La prima edizione del libro fu pubblicata nel 1972 da Einaudi, ma si dovrà aspettare fino al 1983 perché sia l’autore stesso a presentarcelo, in un discorso tenuto alla Columbia University di New York. Racconta di lavorare in serie, archiviando brani in cartelle a tema e che solo quando una di queste si riempie, inizia a rivederne e limarne il contenuto per organizzarlo in un libro che abbia un inizio e una fine. “Era diventato un po’ come un diario che seguiva i miei umori e le mie riflessioni; tutto finiva per trasformarsi in immagini di città: i libri che leggevo, le esposizioni d’arte che visitavo, le discussioni con gli amici”.
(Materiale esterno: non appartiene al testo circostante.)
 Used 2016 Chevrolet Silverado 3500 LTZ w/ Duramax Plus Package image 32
Il tomo inizia così a suddividersi in brevi capitoli ognuno inerente ad una città immaginaria. A Calvino si presentano quindi due criticità: come organizzare i capitoli e soprattutto quale debba essere il filo rosso dell’intera raccolta. Ispirandosi alla struttura compositiva de Le mille e una notte, crea il suo “continente immaginario in cui altre opere letterarie troveranno il loro spazio; continente dell’altrove, oggi che l’altrove si può dire che non esista più, e tutto il mondo tende a uniformarsi”.
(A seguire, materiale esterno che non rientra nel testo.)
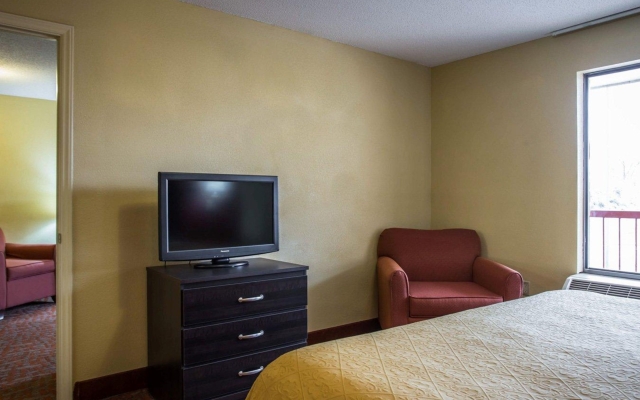 Quality Inn And Suites Monroe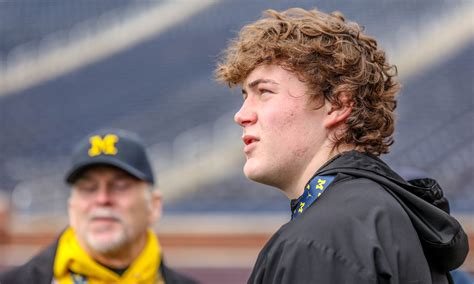 Michigan Football Gets Commitment From In State 2025 Defensive Tackle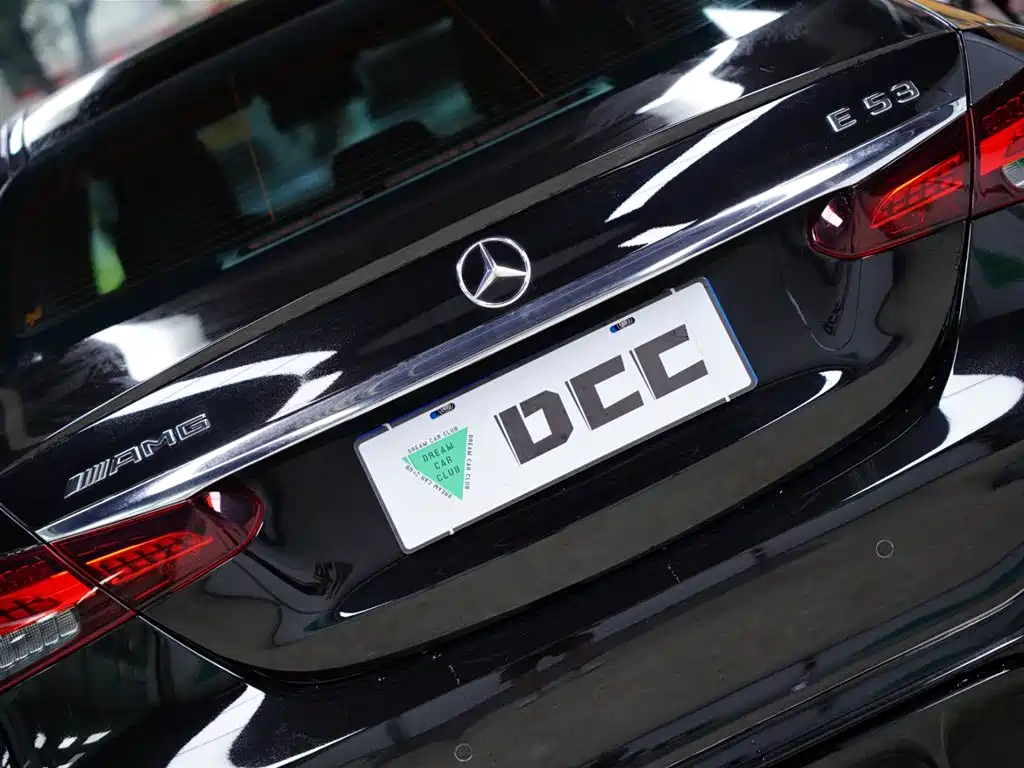 Mercedes-Benz E-Class AMG 2023 — фото 9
Il compito di contenitore di storie viene così assegnato a Marco Polo, che, sotto forma di resoconto dei propri viaggi, descrive all’Imperatore dei Tartari, Kublai Kan, le città che si trovano sotto il suo immenso dominio. Tali parti di raccordo vengono poste in apertura e chiusura di ognuna delle nove sezioni in cui è suddiviso il testo ed evidenziate graficamente attraverso l’utilizzo del corsivo. Viene sottolineata spesso la difficoltà di comunicazione tra i due – che si esprimono in lingue differenti – e ne nasce una lunga partita a scacchi utilizzati come pezzi di un puzzle che, incastrati opportunamente dalle sapienti mani di Polo, si trasformano di volta in volta in mirabolanti metropoli, in minuscoli nuclei abitativi o in sottilissimi complessi urbani.
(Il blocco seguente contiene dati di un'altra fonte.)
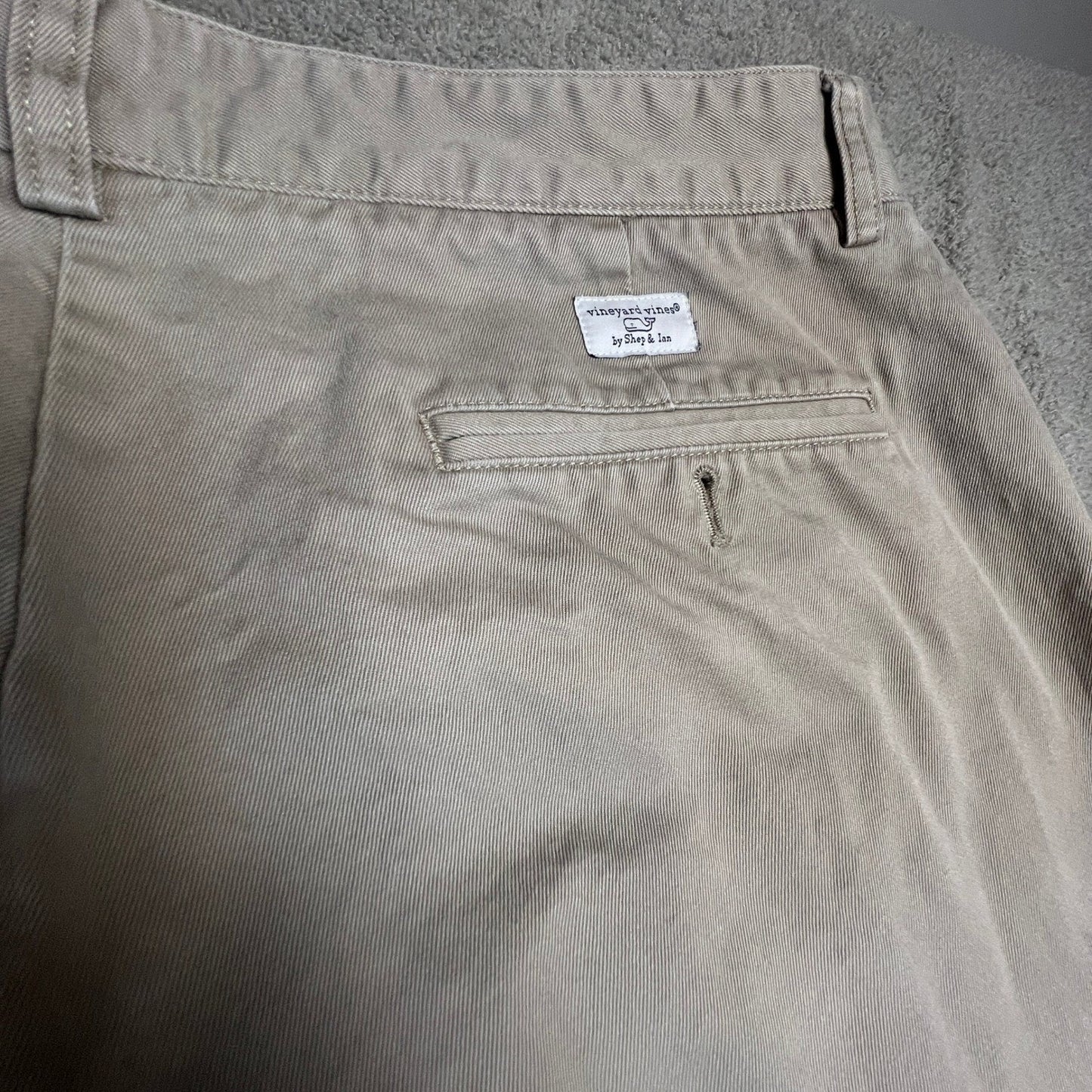 Vineyard Vines Mens Khaki Pants 36x34 100% Cotton Chino Straight Leg Tan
Il passo successivo per dare un ordine logico a tutto questo materiale fu suddividerlo in undici serie – Le città e la memoria; Le città e il desiderio; Le città e i segni; Le città sottili; Le città e gli scambi; Le città e gli occhi; Le città e il nome; Le città e i morti; Le città e il cielo; Le città continue; Le città nascoste – di cinque pezzi ciascuna, a loro volta raggruppati nelle nove sezioni in base ad un’atmosfera comune. Si alternano così città felici e infelici, tutte accomunate dal possedere un nome femminile, dall’essere strettamente collegate alla realtà urbanistica di quegli anni e dalla straordinaria penna di Calvino.
Lo stesso autore ammette poi che il testo non ha un’unica morale, bensì più d’una conclusione. C’è chi può trovarla alla fine e chi nel mezzo: il libro è infatti “uno spazio in cui il lettore deve entrare, girare, magari perdersi, ma a un certo punto trovare un’uscita, o magari parecchie uscite, la possibilità d’aprirsi una strada per venirne fuori”. Esattamente come in città.